Which reports use Time to restore service?
Time to restore service information is available in Home, Retrospective, and Team health insights.
Note: Time to restore service requires an incident configuration. If you don’t configure incidents, you won’t see Time to restore service data.
Home
Customize your selected metrics to include Time to restore service in Home. Use this report as a high-level summary of your team’s average Time to restore service. Learn more about Home.
Retrospective report
Details about Time to restore service are available in the Retrospective report.
Managers can use this report for a detailed analysis of Time to restore service and answer the following questions:
- What incidents had to be restored?
- Which incidents took the longest to restore?
Team health insights
Team health insights provides a team-level view of Time to restore service. Use it to see how your teams and nested teams are doing across a certain time period.
What does Time to restore service measure?
Time to restore service measures the time between an incident occurring and the incident being resolved.
To help minimize restore times:
- Use rollback procedures.
- Integrate feature flags and test new features by toggling them on for different groups of users at a time.
How is Time to restore service calculated?
Time to restore service = Total time spent on incidents/number of incidents
Flow uses incident creation time and incident resolution time to calculate an average Time to restore service for the user’s set date range on Home. Incidents are defined by a user’s custom configurations. Learn more about incident configurations.
Incidents are attributed to a team if anyone on the team was ever assigned to the ticket.
Flow uses ticket data from your integration to track when an incident occurs. Flow uses the ingested ticket time for when the ticket was opened to determine when a ticket was opened or closed.
What settings can affect Time to restore service?
The following settings can affect how Flow calculates Time to restore service:
- Incident configurations
- If a project is imported or not
- Date range
How do date ranges affect Time to restore service?
The date range affects the average time to restore service calculation. Use Flow’s date range filter to view the incidents within the selected date range. To determine which incidents to include in the calculation for a certain date range filter, the incident's closed date must be included in that date range.
Below is an example of when an incident is captured in Time to restore service.
Incident start date | Incident end date | Date range filter | Does it show as an incident | Which day |
---|---|---|---|---|
1/5/2022 | 1/8/2022 | 1/2 - 1/5 | No | |
1/6 - 1/7 | No | |||
1/2 - 1/8 | Yes | 1/8 | ||
1/7- 1-15 | Yes | 1/8 |
Note: Change failure rate uses the created date of an incident to select whether to show an incident. Because of this, the number of incidents for Change failure rate and Time to restore service for a given time period may not match.
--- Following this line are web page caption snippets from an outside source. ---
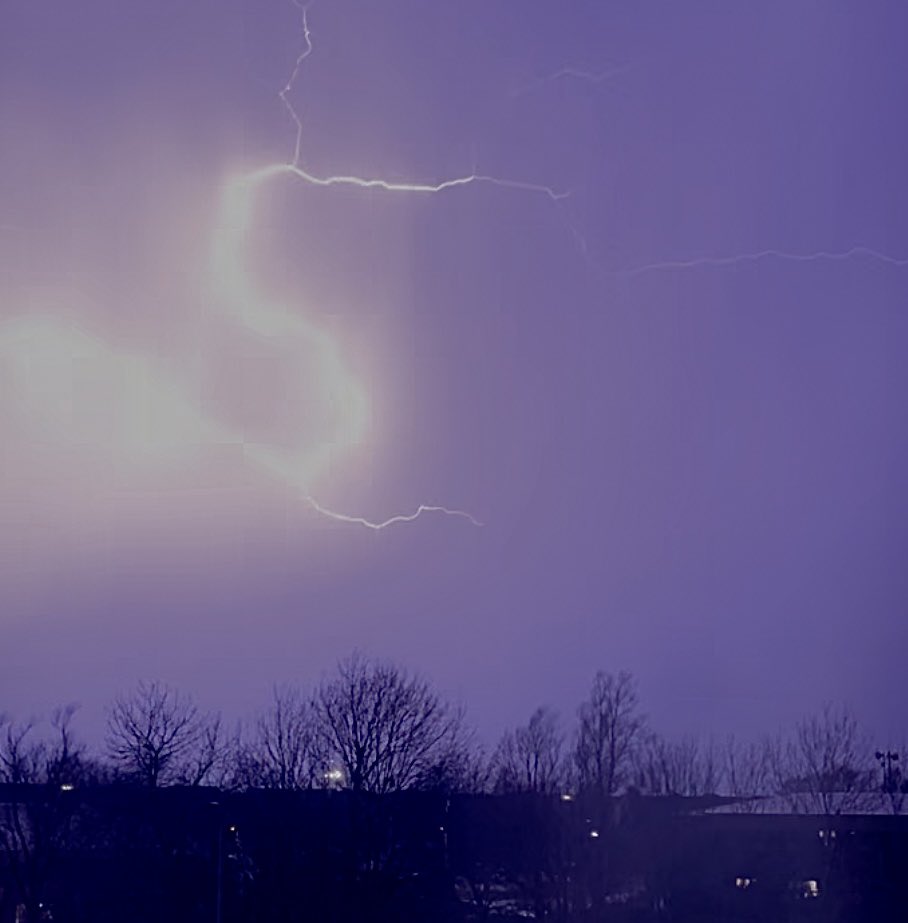 Lisa Singleton tweet media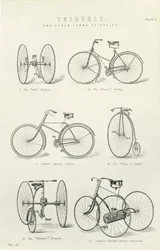 Six Early Forms of Bicycles and Tricycles, 19th Century
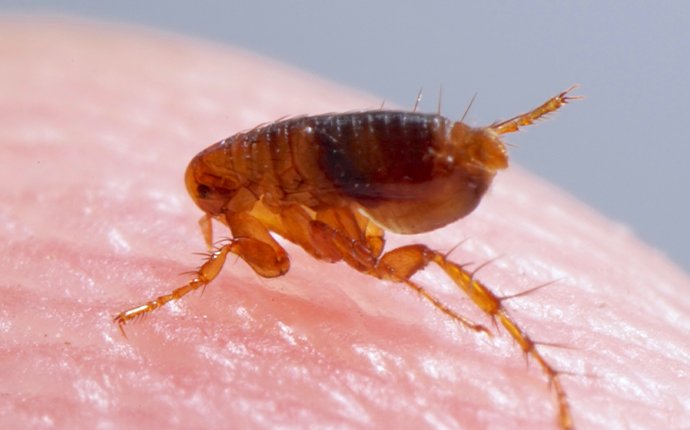 a flea on skin in fayetteville georgia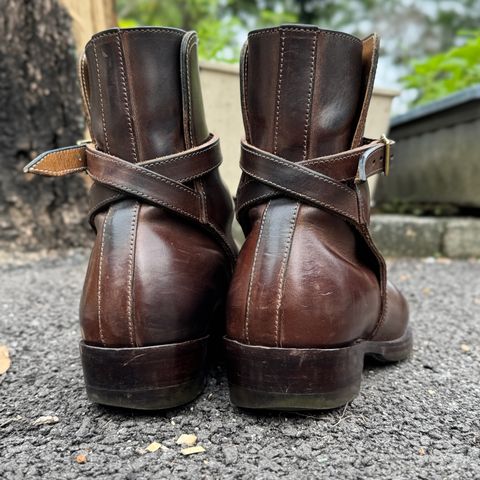 XBXS Jodhpur in Maryam Brown Horsebutt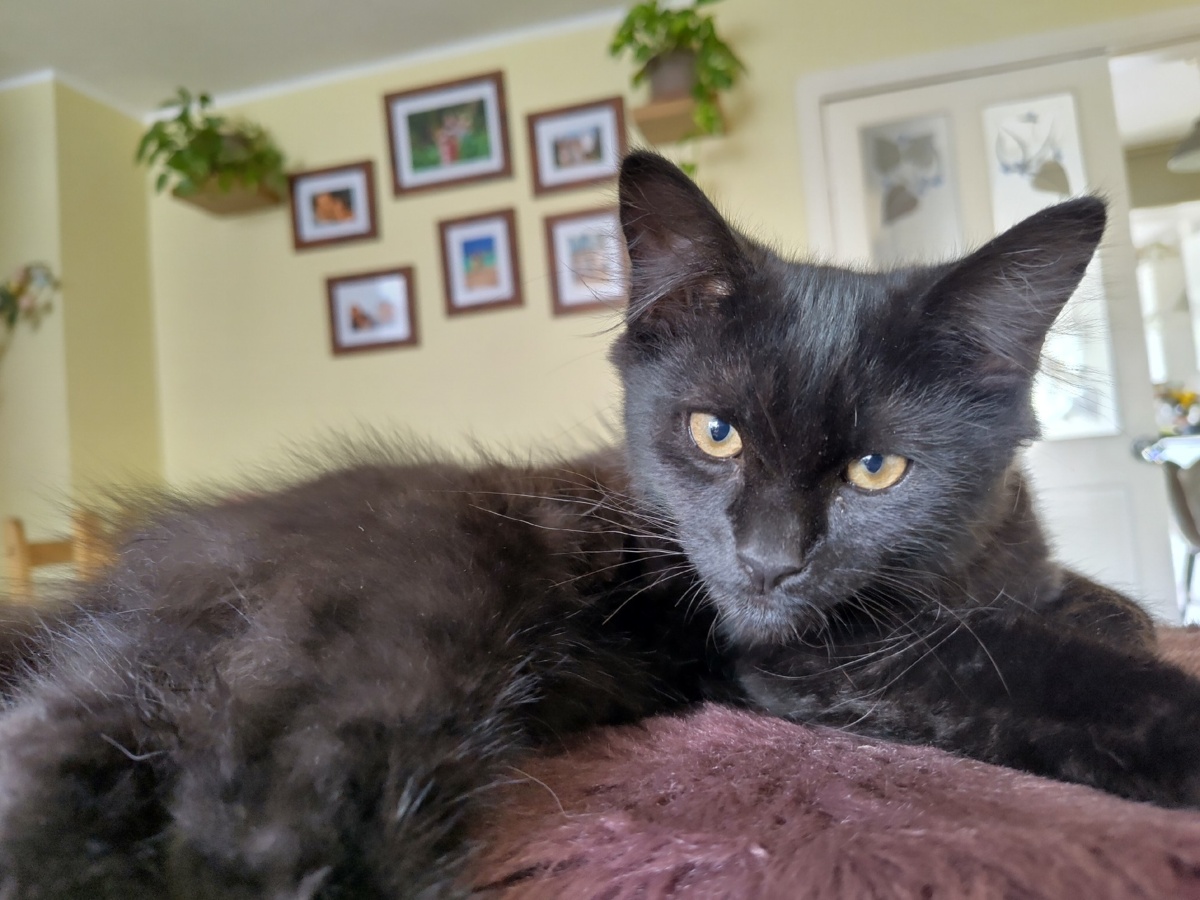 aaea3a51-0d4e-4071-b5ee-30ce442d881c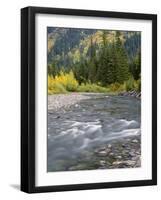 Montana, Glacier National Park, Cottonwood and Birch, and Conifers in Upper Mcdonald Valley-John Barger-Framed Photographic Print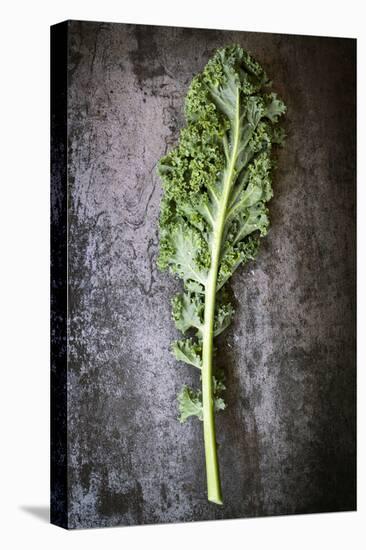 Kale Leaf, Overhead View on Dark Slate-Robyn Mackenzie-Premier Image Canvas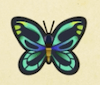 Archivo:Mariposa alas de pájaro NH.png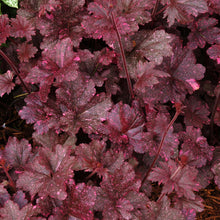 Load image into Gallery viewer, Heuchera 'Midnight Rose'
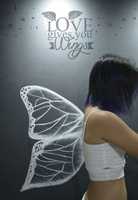 Free download Sentir y volar free photo or picture to be edited with GIMP online image editor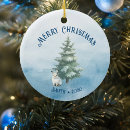 Search for arctic christmas tree decorations Penguin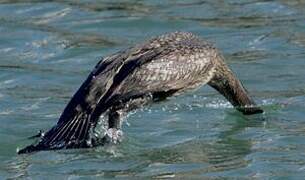 Great Cormorant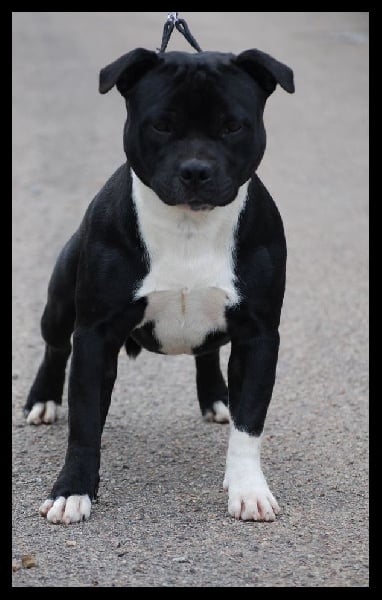 Du Domaine De Babylone - Staffordshire Bull Terrier - Portée née le 23/10/2012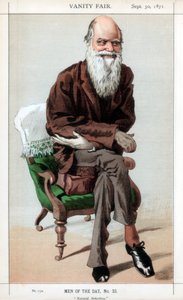 Sélection naturelle, 1871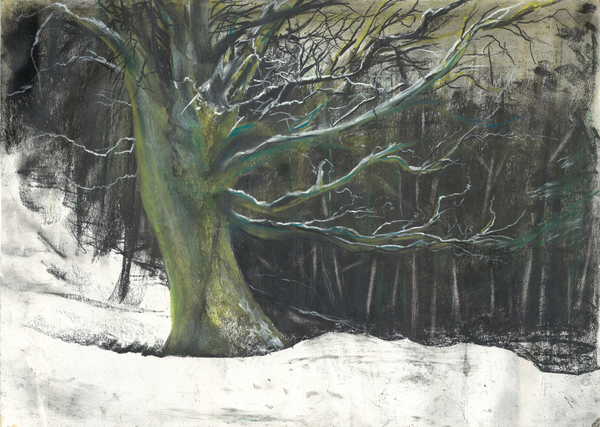 Tree in winter snow at Osmotherley woods de Vincent Alexander Booth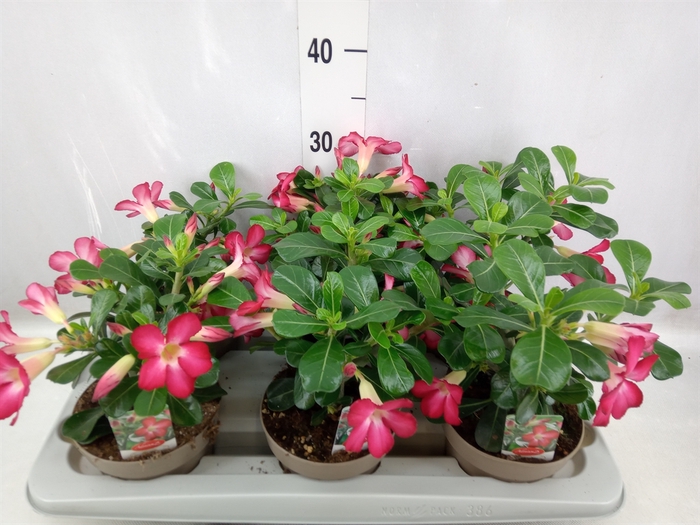 <h4>Adenium obesum 'Anouk'</h4>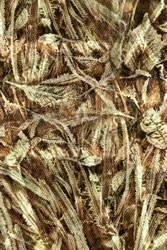 Terre tissée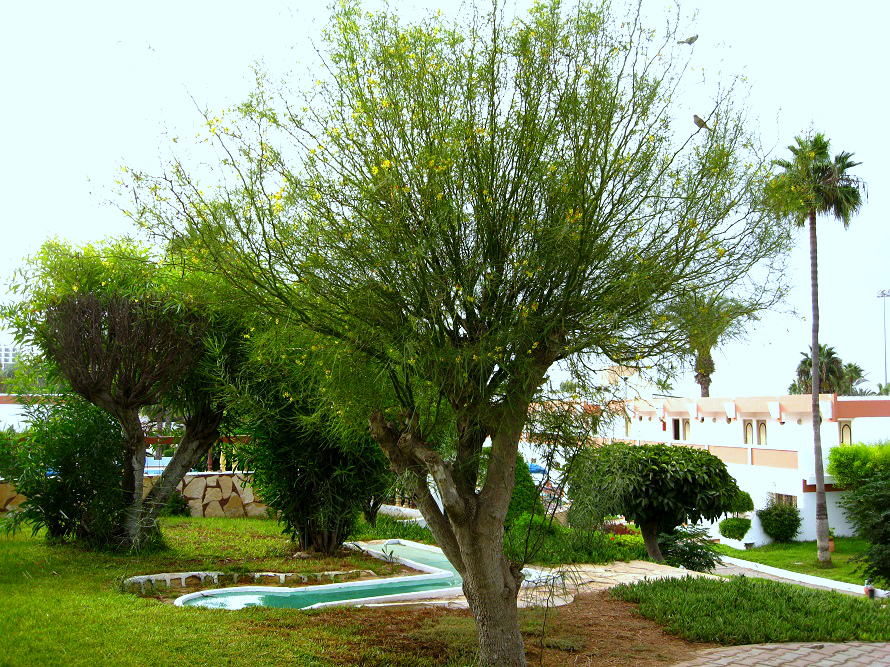 Image of Parkinsonia aculeata specimen.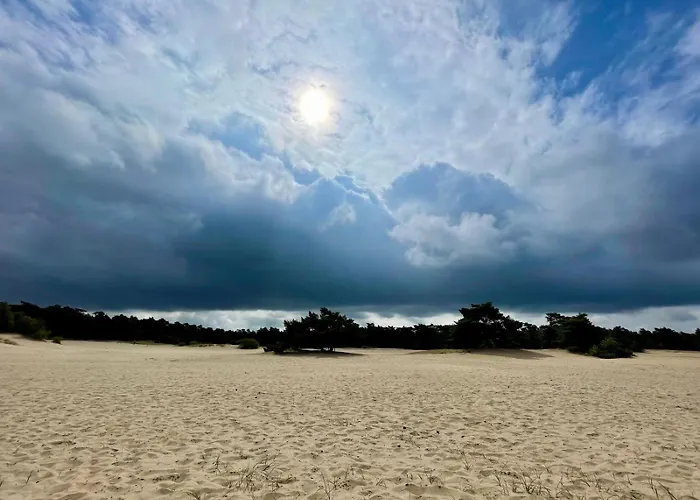 Kindvriendelijk Sfeervol Bosgeneugte Bij Zwembad Op De Veluwe شاليه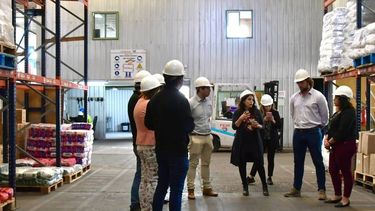 Junaeb inicia entrega de alimentos en 12 mil establecimientos de todo Chile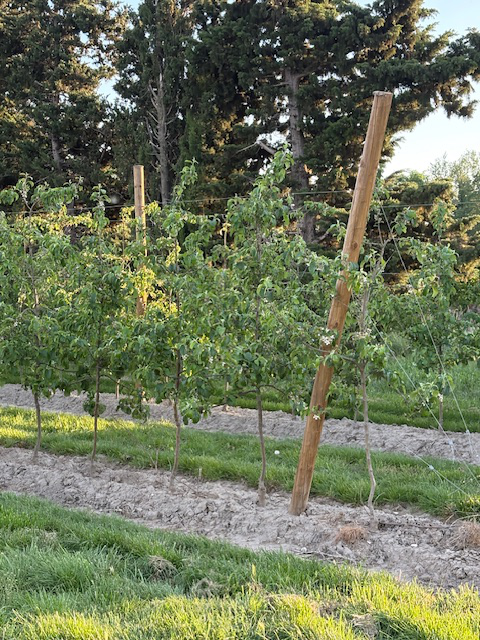 New apple orchard in Arles — 1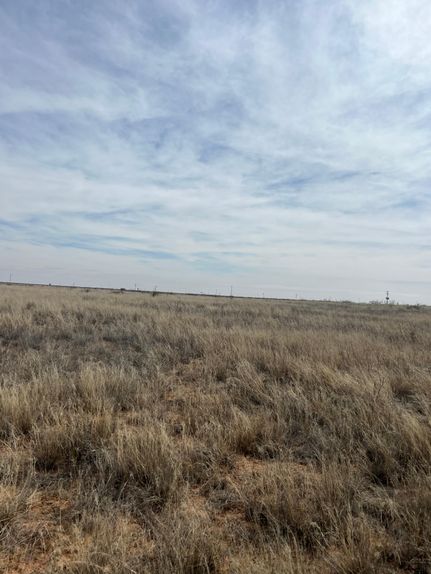 Timberland Property in Gaines County, Texas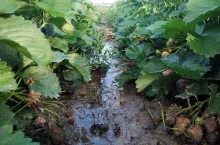 koszenie liści truskawek po zbiorach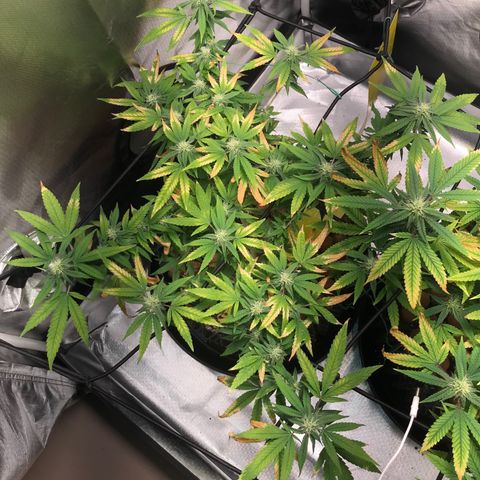 Cheese growlog timeline photo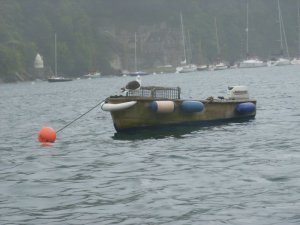 Captain Gull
Time to restore service benchmarks
Flow uses four benchmarks to categorize the status of Time to restore service. An elite benchmark indicates a healthy Time to restore service, while a low benchmark indicates potential platform instability. The benchmarks displayed for this DORA metric are partially based on the 2021 State of DevOps Report (PDF, opens in new tab), and customized for Flow. Flow compares the value of the metric against these benchmarks.
Not all processes and organizations allow for meeting the elite rating. Use the time as a signal to indicate where your team can focus their efforts in removing friction. The goal is continuous improvement rather than meeting a benchmark.